Print Decorated Function's Input Output


def deco(func):
    def inner(*args):
        print('Input :', args)
        output = func(*args)
        print('Output:', output)
        return output
    return inner

@deco
def add(a, b):
    return a + b

>>> add(1, 2)
Input : (1, 2)
Output: 3

Example 1 - Use Decorator to Auto Register
Input, Output and Execution Time


import time

def timer(func):
   
    def clock(*args):
        t0 = time.perf_counter()
        result = func(*args)
        elapsed = time.perf_counter() - t0
        name = func.__name__
        arg_str = ', '.join(repr(arg) for arg in args)
        print('[%0.8fs] %s(%s) -> %r' % (elapsed, name, arg_str, result)) 
        return result
        
    return clock

Example 1 - Use Decorator to Auto Register
Input, Output and Execution Time


import time
from timer import timer

@timer
def factorial(n):
    return 1 if n < 2 else n*factorial(n-1)

if __name__=='__main__':
    factorial(4)

$ python3 clockdeco_demo.py
              
[0.00000191s] factorial(1) -> 1
[0.00004911s] factorial(2) -> 2
[0.00008488s] factorial(3) -> 6
[0.00013208s] factorial(4) -> 24

Example 2 - Use Decorator to Make Class Singleton


class Singleton:

    _singletons = dict()

    def __init__(self, decorated):
        self._decorated = decorated

    def getInstance(self):
        key = self._decorated.__name__
        try:
            return Singleton._singletons[key]
        except KeyError:
            Singleton._singletons[key] = self._decorated()
            return Singleton._singletons[key]

    def __call__(self):
        raise Exception(
            'Singletons must be accessed through the `getInstance` method.')

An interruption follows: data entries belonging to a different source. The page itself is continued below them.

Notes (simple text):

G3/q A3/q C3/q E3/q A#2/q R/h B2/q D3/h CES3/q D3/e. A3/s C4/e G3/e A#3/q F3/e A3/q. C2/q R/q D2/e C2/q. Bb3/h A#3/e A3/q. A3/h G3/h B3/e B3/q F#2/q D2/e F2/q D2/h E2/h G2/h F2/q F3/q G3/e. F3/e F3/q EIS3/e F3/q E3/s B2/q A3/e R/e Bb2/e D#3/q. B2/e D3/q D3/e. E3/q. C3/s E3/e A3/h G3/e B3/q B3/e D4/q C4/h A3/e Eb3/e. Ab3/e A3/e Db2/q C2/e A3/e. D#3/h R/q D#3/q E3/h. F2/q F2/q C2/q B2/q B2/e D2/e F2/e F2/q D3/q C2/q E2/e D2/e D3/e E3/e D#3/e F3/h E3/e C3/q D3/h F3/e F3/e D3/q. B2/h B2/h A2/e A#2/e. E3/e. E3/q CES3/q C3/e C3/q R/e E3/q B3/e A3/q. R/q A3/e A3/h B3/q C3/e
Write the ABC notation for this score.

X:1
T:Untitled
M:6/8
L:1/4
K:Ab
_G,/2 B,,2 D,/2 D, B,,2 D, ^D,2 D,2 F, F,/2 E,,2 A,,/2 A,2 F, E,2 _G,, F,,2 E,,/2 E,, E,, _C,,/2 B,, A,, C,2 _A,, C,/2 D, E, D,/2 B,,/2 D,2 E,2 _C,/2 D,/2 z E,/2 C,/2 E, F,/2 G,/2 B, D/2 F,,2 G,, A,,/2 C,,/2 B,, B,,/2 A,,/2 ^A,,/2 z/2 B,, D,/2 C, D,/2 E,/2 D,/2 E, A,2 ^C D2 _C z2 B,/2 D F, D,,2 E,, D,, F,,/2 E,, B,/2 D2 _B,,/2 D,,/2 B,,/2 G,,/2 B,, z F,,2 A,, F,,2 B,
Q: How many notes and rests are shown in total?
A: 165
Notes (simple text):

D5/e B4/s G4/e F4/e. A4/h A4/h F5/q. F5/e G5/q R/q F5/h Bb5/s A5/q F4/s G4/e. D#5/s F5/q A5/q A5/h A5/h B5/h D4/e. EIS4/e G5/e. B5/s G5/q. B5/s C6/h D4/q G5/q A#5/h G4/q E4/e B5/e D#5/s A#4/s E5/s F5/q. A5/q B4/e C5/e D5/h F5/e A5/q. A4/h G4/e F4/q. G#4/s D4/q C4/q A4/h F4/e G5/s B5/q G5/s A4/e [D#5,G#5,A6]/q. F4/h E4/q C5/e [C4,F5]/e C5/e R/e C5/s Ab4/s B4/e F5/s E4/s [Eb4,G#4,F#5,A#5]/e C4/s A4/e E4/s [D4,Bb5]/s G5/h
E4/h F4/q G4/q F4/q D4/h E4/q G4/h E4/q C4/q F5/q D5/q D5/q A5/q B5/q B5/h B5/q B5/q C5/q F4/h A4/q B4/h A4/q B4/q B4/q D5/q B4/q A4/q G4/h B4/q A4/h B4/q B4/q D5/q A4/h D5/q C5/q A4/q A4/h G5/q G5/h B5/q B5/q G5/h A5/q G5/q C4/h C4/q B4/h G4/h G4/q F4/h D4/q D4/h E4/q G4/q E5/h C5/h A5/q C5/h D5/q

Example 2 - Use Decorator to Make Class Singleton


@Singleton
class Foo:
    def __init__(self):
        print('Foo created')

    def bar(self, obj):
        print(obj)

foo = Foo()                  # Wrong, raises Exception

foo = Foo.getInstance()
goo = Foo.getInstance()

print(goo is foo)            # True

foo.bar('Hello, world! I m a singleton.')

Python Meta Class Functions

NameDescription
__new__The real function to create an object.
__init__Initialize newly created object.
__call__Make the class callable like a function.

Python Meta Class Functions

class Foo:
            
    def __new__(cls, *args, **kwargs):
        print('Calling __new__')
        return super(Foo, cls).__new__(cls)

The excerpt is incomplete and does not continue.